La Formación de Francia
cubre el amplio y turbulento periodo que se extiende desde los últimos años del siglo IX —que vieron el final de la época carolingia y la llegda de una nueva dinastía personalizada en Hugo Capeto— hasta la conclusión de la Guerra de los Cien Años, a mediados del siglo XV.

Isaac Asimov

La formación de Francia

ePUB v1.0

Dermus
08.06.12

Título original:
The Shaping of France

©1972 by Isaac Asimov

Traducción: Néstor Miguez

Editor original: Dermus (v1.0)

ePub base v2.0

1. El nuevo linaje

El último carolingio

En el mes de mayo del año 987, un joven cayó de su caballo durante una animada partida de caza en lo que es hoy la Francia del noreste. Quedó seriamente lesionado, sangrando de la nariz y la garganta. El 21 de mayo murió.

El joven tenía escasa importancia en sí mismo. Su nombre era Luis y era rey, pero esto era todo lo que podía decirse de él. Tenía veinte años de edad, había remado durante un año y su única preocupación verdadera era pasarlo bien. Entró en la historia con el nombre de Luis V, el Holgazán.

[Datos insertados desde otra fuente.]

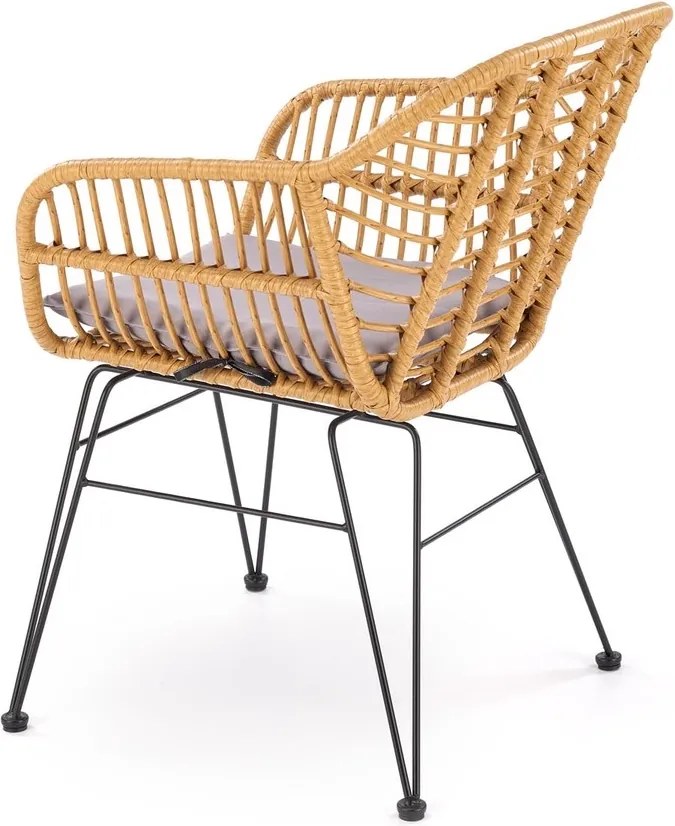 Technorattanowe krzesło ogrodowe K541 Halmar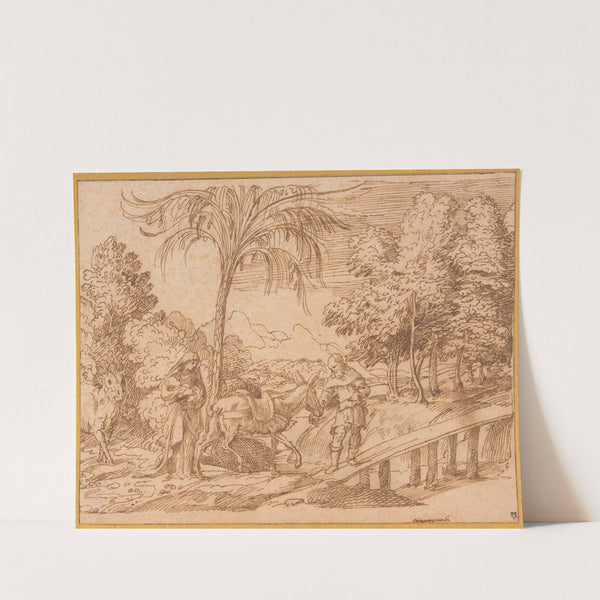 The Flight into Egypt by Domenico Campagnola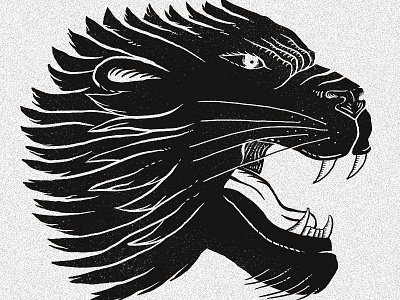Lion Update design hand drawn illustration lion lionhead merch texture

En un aspecto, sin embargo, su muerte tenía una melancólica significación. Era el descendiente en séptima generación de Carlomagno, el más poderoso monarca de la Edad Media. Esto hacía de él un «carolingio», y Luis el Holgazán fue el último carolingio que llevó el título de rey. Carlomagno, en 800, había gobernado firmemente un Imperio Franco, vasto para la época, un imperio que se extendía por las naciones que ahora llamamos Francia, Holanda, Bélgica, Suiza, Austria, Alemania Occidental y la mitad norte de Italia
[1]
. Después de su muerte, ocurrida en 814, el Imperio se desmembró.

La decadencia fue causada, en parte, por las querellas entre sus descendientes, en parte, por las destructivas correrías de los piratas nórdicos (los vikingos) en todas sus costas y, en parte, por la mera dificultad de mantener unido un dominio tan vasto en las primitivas condiciones del transporte y las comunicaciones en aquellos días. La capacidad, la fuerza y la personalidad de Carlomagno le permitieron conseguirlo, apenas, pero ninguno de sus descendientes fue más que una sombra de él. Ellos no lo lograron.

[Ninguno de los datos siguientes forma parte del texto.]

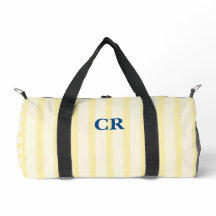 Monogram Vintage Yellow Stripes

En 911, la mitad oriental del Imperio vio morir a su último gobernante carolingio. Le sucedieron gobernantes de otras familias. La región ya no era franca, en el viejo sentido del término, y puede ser llamada más exactamente, en términos modernos, Alemania, aunque aún se consideraba un Imperio y veía a sus gobernantes como sucesores de Carlomagno, ya que no sus descendientes.

La mitad occidental del Reino de Carlomagno conservó gobernantes del linaje carolingio por tres cuartos de siglo más. Aún era franca, en este sentido, y podemos llamarla, con su nombre latinizado, «Francia». El nombre subsiste hasta hoy, porque de esa mitad occidental del Imperio de Carlomagno desciende la Francia moderna.

Pero todo el Imperio, fuese el rey carolingio o no, estaba fragmentado. Bajo el terrible ataque de los vikingos, cada uno debía velar por sí mismo. La gente se agrupaba para defenderse bajo el mando de cualquier jefe local fuerte que estuviese dispuesto a combatir y prestase poca atención al rey distante, quien, de todos modos, era impotente. El rey carecía de un ejército central y no había manera alguna de que pudiese viajar rápidamente de un extremo al otro de las grandes regiones que se hallaban teóricamente bajo su gobierno.

Ciertamente, una de las razones de que Luis V fuese un «Holgazán» era que no había mucho que él pudiese hacer. Por la época en que murió el último carolingio, el título de rey no tenía ningún valor en sus dominios. El rey tenía prestigio social, la gente le hacía reverencias y se dirigía a él en términos altisonantes, pero no tenía ningún poder, y cada noble dictaba sus propias leyes.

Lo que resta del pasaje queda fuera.